In the family of parents who have developed the ability to assimilate the amino acid phenylalanine, but have a visual defect – myopia, two children are born: one child is myopic, like his parents, but with no phenylketonuria disease; the second – with normal vision, but suffering from phenylketonuria. Determine what are the chances for children born in this family to be just like that, if it is known that the development of myopia is controlled by a dominant gene, and the presence of a disease such as phenylketonuria is controlled by a recessive gene, and both pairs of genes are located in different pairs of autosomes.

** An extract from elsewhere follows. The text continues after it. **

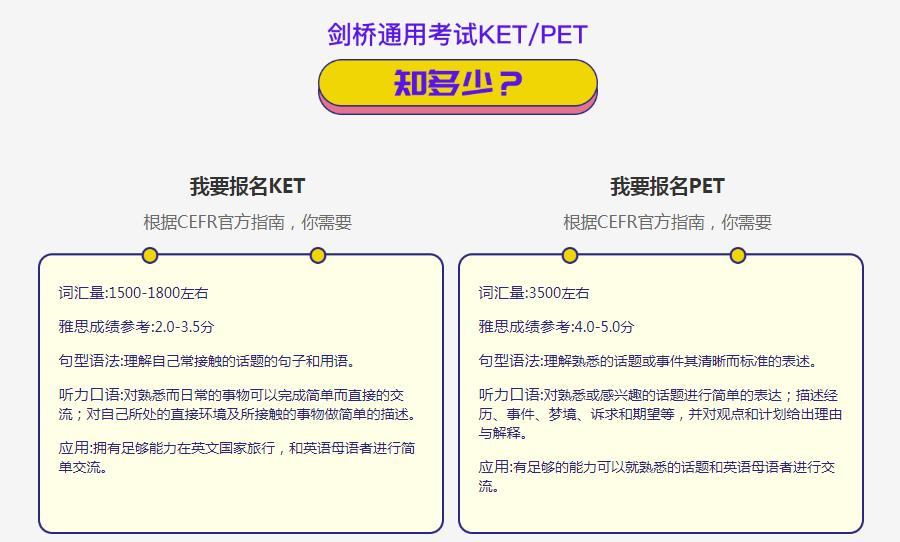 剑桥少儿英语培训介绍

A – assimilate phenylalanine, and – phenylketoniria.
B – myopia, b – normal vision.
Parents: AaBb x AaBb,
Gametes: AB, Ab, ab, ab x AB, Ab, ab, ab.

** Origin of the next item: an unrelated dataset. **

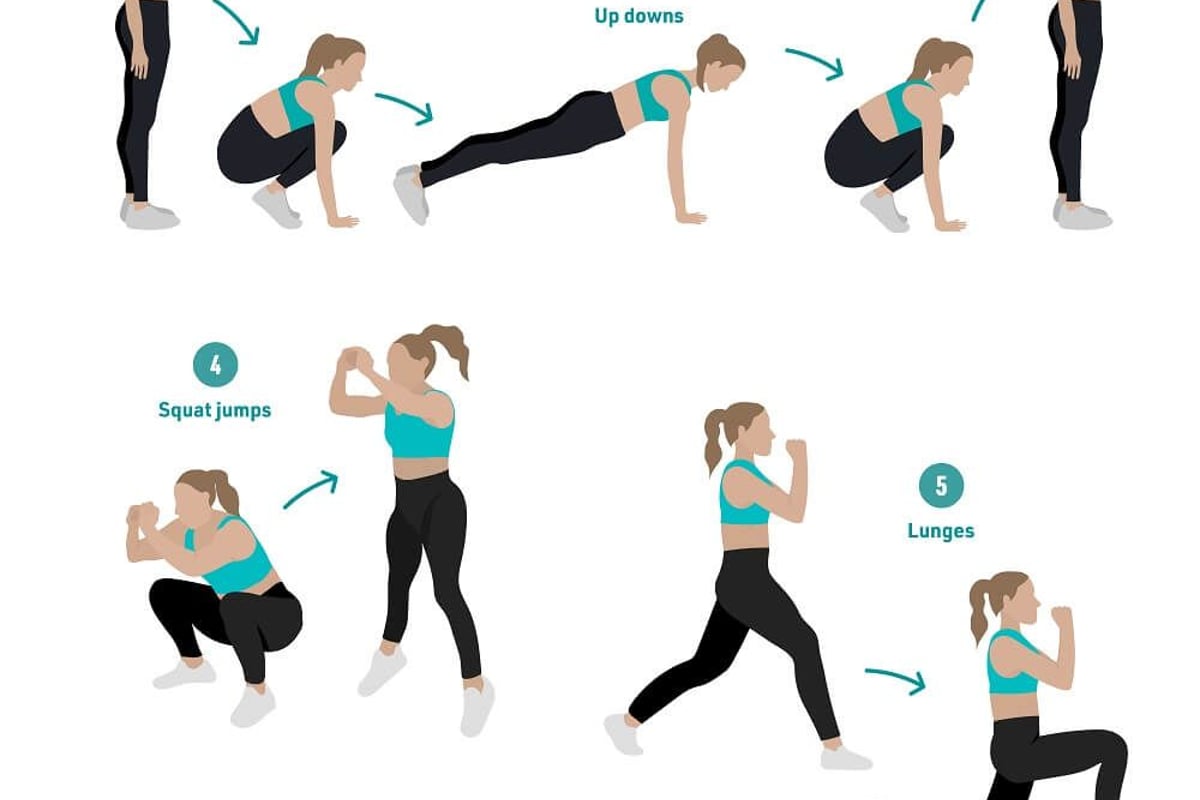 No Equipment Home Workout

Children: A * B *, aabb. Any of the alleles can be in place *.
With such a crossing, the phenotype splitting in the offspring is always 9: 3: 3: 1:
9 nearsighted with phenylalanine metabolism, 3 nearsighted with phenylketonuria, 3 with normal vision using phenylalanine, 1 with normal vision and phenylketonuria. There are 16 options in total.
The probability that children will be nearsighted, absorbing phenylalanine is 9/16, and with normal vision and phenylketonuria – 1/16.